Итак, чтобы продвинуться дальше, мы должны рассмотреть сам рассудок, чтобы изучить возможности априорных понятий. Фильм прекрасно структурирован, так что его легко разбить на серии дискуссий. Первая начинается с того, как Номер 8 говорит, что мальчик невиновен, после чего 11 человек пытаются убедить его в обратном. Практически все их аргументы по делу касаются условий, в которых вырос подсудимый, так сказать, ищут корень проблемы в его воспитании. После короткой интермедии начинается второй раунд: Номер 8 приводит следующие аргументы: свидетели могут ошибаться, а нож – это совпадение. Один из присяжных (клерк) говорит о ноже как о веской, почти неопровержимой улике: нож необычен, его не достанешь абы где, продавец лавки утверждал, что именно его у него купил мальчик, а его друзья опознали орудие. Сомнительно, тем более, что парень говорит, будто нож выпал, когда он ушёл в кино. Парировать приходится клерку – самому серьезному и рассмотрительному присяжному. Модальность его утверждения – аподиктическая, то есть, не вызывающая сомнений: возможность убийства именно мальчишкой мыслится как необходимость.

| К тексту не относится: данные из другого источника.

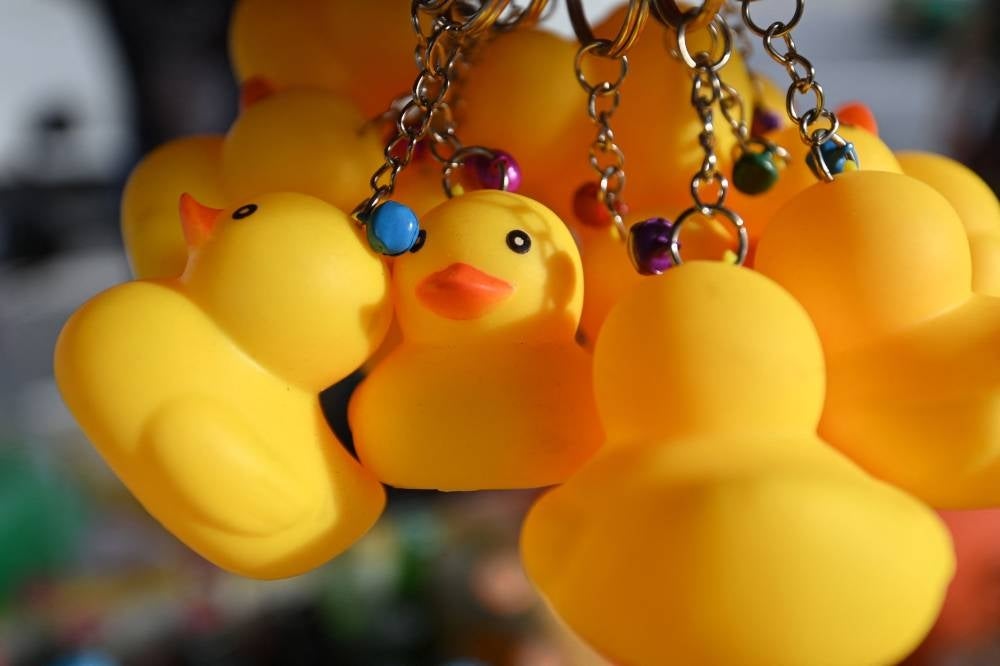 In this file photo taken on Dec 1, 2020 keychains in the form of yellow rubber ducks, associated with the pro-democracy movement, are displayed for sale during a protest outside the Ministry of Education in Bangkok. - A Thai man has been jailed for two years for selling calendeas featuring satirical yellow rubber ducks that prosecutors said defamed the royal family. - AFP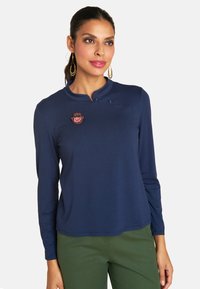 Langarmshirt in Marineblau mit runder Kragenform, ausgestattet mit dekorativen Knöpfen und einem bunten gestickten Design auf der linken Seite.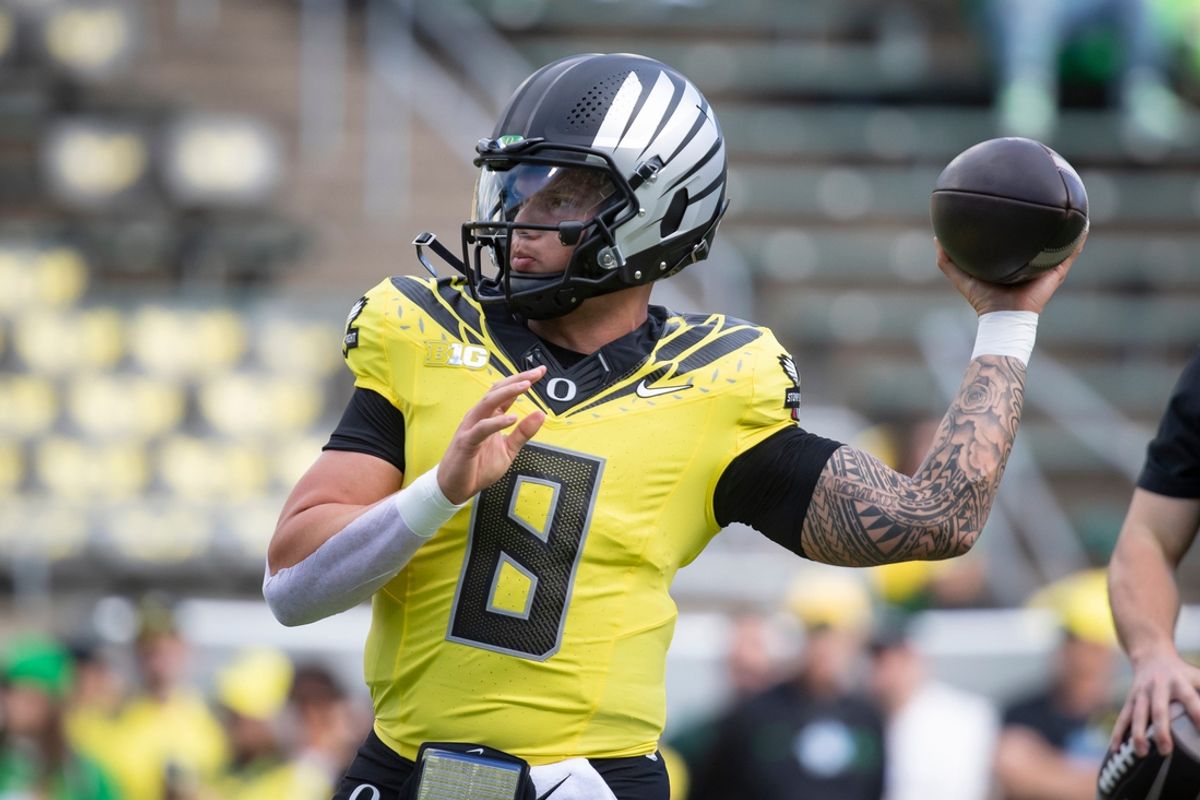 Oregon quarterback Dillon Gabriel throws a pass during warmups as the No. 1 Oregon Ducks host the No. 21 Illinois Fighting Illini Saturday, Oct. 26, 2024 at Autzen Stadium in Eugene, Ore.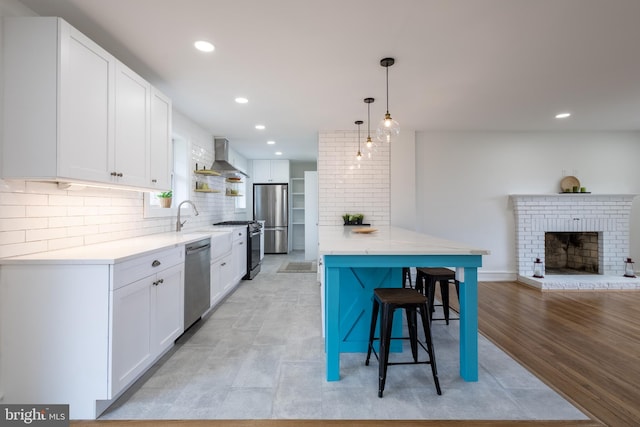 kitchen featuring hanging light fixtures, white cabinets, stainless steel appliances, and light hardwood / wood-style floors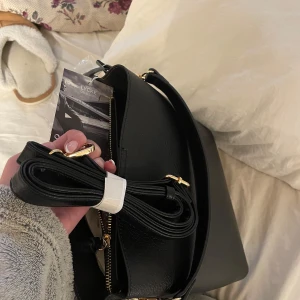 Svart axelväska från Lycke Oslo - En mycket fin svart väska med gulddetaljer! Den är helt ny och har prislappen kvar. Väskan har flera fack och har bra med utrymme. Det finns både ett kortare och ett längre band! Nypris 699💗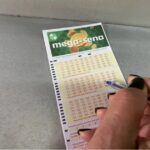 Mão com caneta marca números em volante da Mega-Sena sobre superfície cinza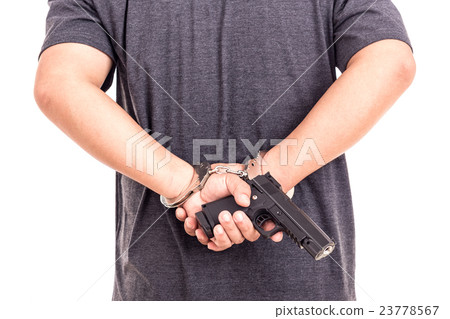 Close up man with handcuffs and gun on hands isolated on white Close up man with handcuffs and gun on hands isolated on white 23778567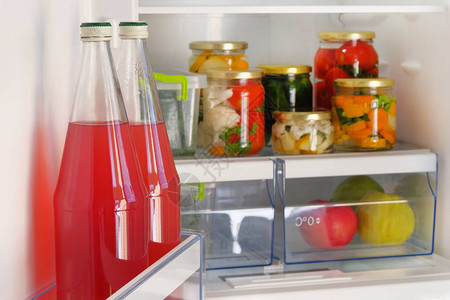 冰箱里装着自制红果汁和各种咸菜有机蔬菜罐头的瓶子图片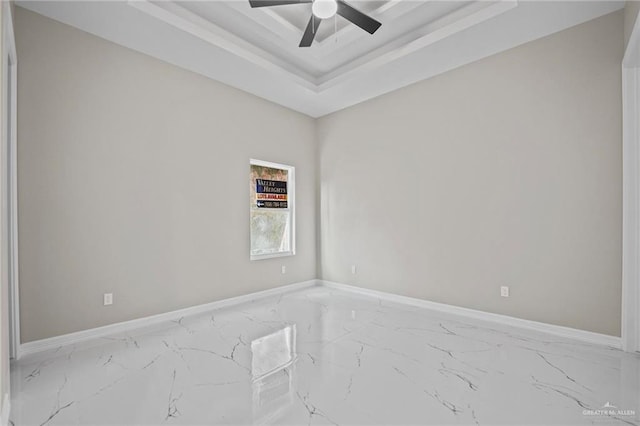 spare room featuring ceiling fan and a raised ceiling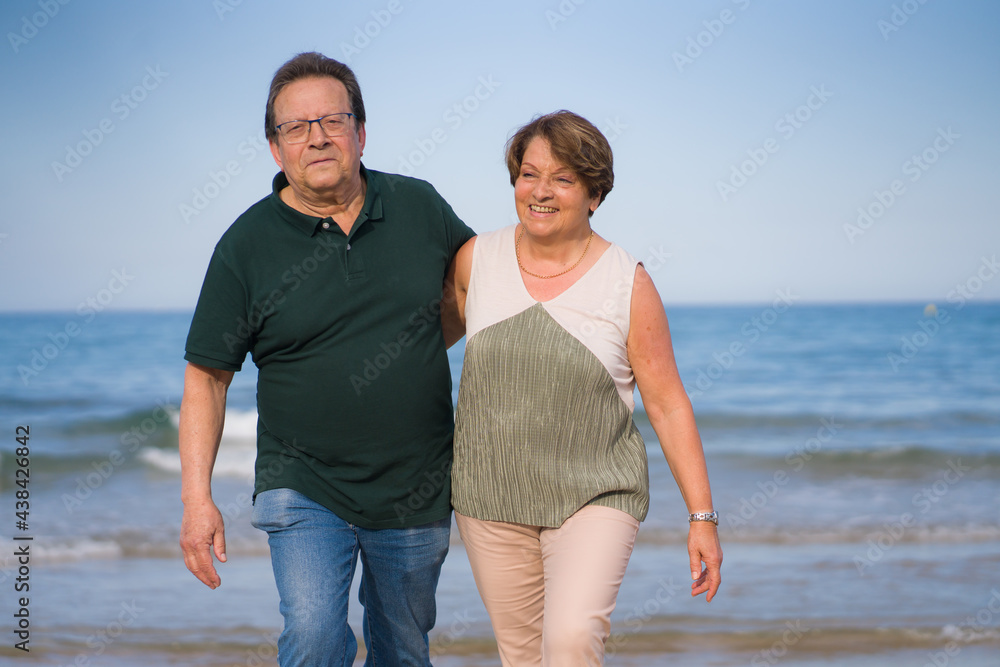 lifestyle portrait of loving happy and sweet mature couple - senior retired husband and wife on 70s enjoying beach walk relaxed and cheerful celebrating love together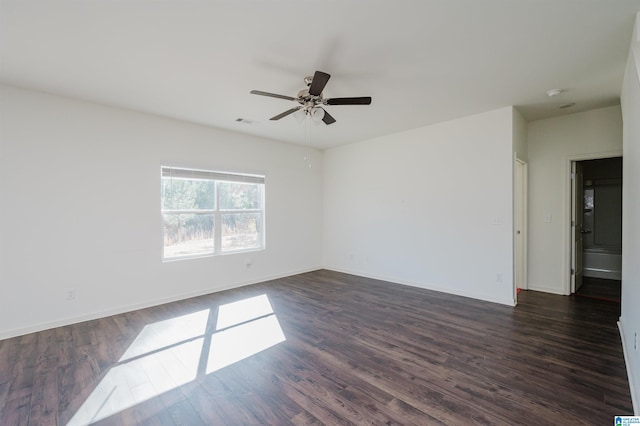 empty room featuring ceiling fan and dark hardwood / wood-style flooring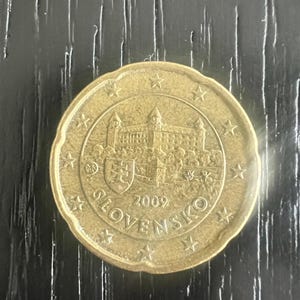 May include: A gold-coloured coin with a detailed castle design, the year 2009, and the word "SLOVENSKO". The coin has a scalloped edge and is set against a dark, textured background.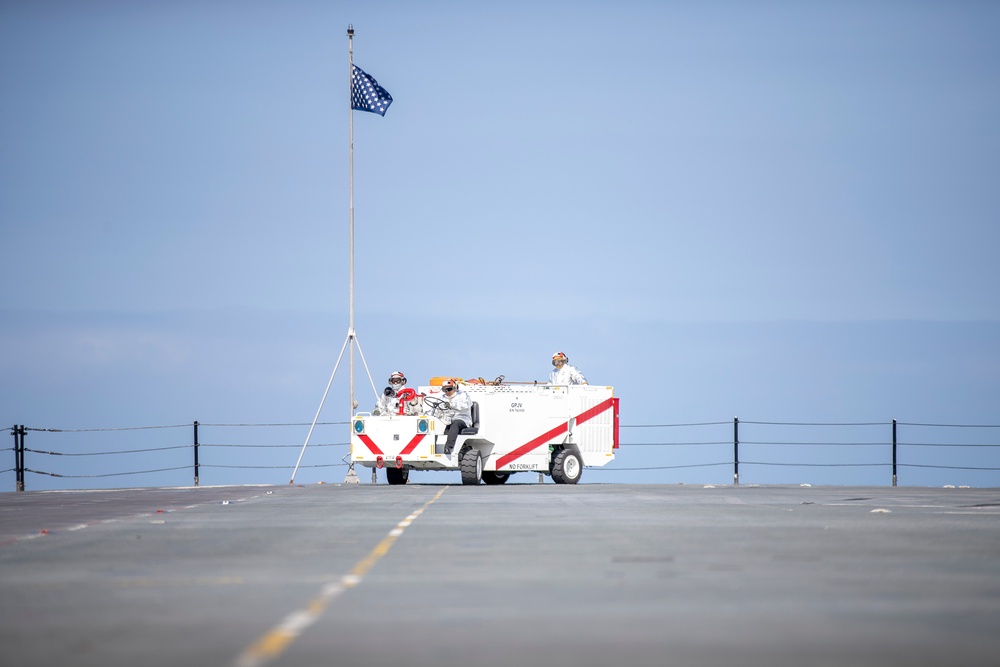 USS Tripoli Sailors execute fire deck firefighting drill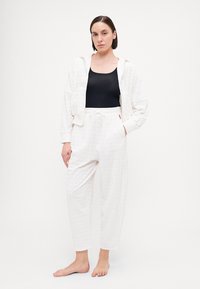 Witte gebreide hoodie en bijpassende joggers, met een koordtaille, zachte stof en een losse pasvorm. Zwarte tanktop eronder.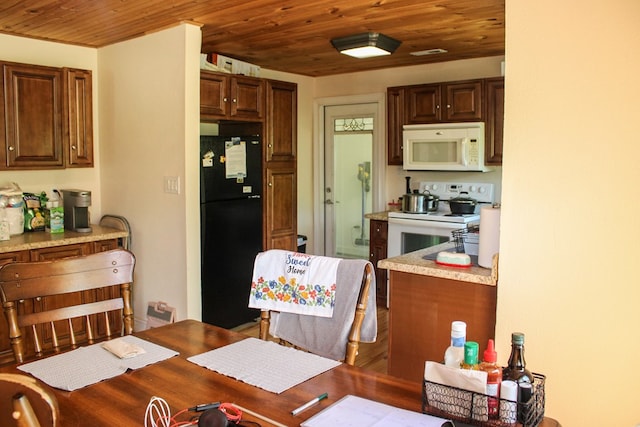 64 Cloe Moore Dr, Murphy, NC 28906 - kitchen featuring white appliances, wood ceiling, and light countertops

Тут Номер 8 достаёт из кармана точно такой же нож, который он купил за два доллара в двух кварталах от дома мальчика. Это вызывает неподдельное удивление у всех 11-ти присяжных; потом следует ещё одно тайное голосование, где к восьмому присоединяется ещё один человек: процесс переоценки материалов начался.



Уверенность
в причастности мальчика к преступлению – логическое нарушение. Нельзя знать наверняка - эта фраза повторяется в картине не раз. Кант: «Для априорного познания всех предметов нам должно быть дано, во-первых, многообразное в чистом созерцании [возможность восприятия улик]; во вторых, синтез этого многообразного посредством способности воображения, что, однако, не даёт ещё знания [мог или не мог убить]. Понятия, сообщающие единство этому чистому синтезу и состоящие исключительно в представлении об этом необходимом синтетическом единстве, составляют третье условие для познания являющегося предмета и основываются на рассудке». Далее Кант выделяет чистые рассудочные понятия, широко известные как таблица категорий. Категории количества, качества, отношения и модальности. Нас будут интересовать категории отношения (причинность и зависимость) и модальности (возможность-невозможность). Эти понятия рассудок содержит в себе априори и только через них он может упорядочивать данные, поступающие от созерцания, то есть, мыслить объект; объект как бы впадает в эти жёлобы рассудка. Кант делает небольшое замечание: таблицу категорий можно разделить на два раздела, из которых первый касается:

1) касается предметов созерцания (в нашем случае это интерпретация улик)

2) а второй – касается существования этих предметов в отношении друг к другу или рассудку (в нашем случае это отношение улик и показаний свидетелей)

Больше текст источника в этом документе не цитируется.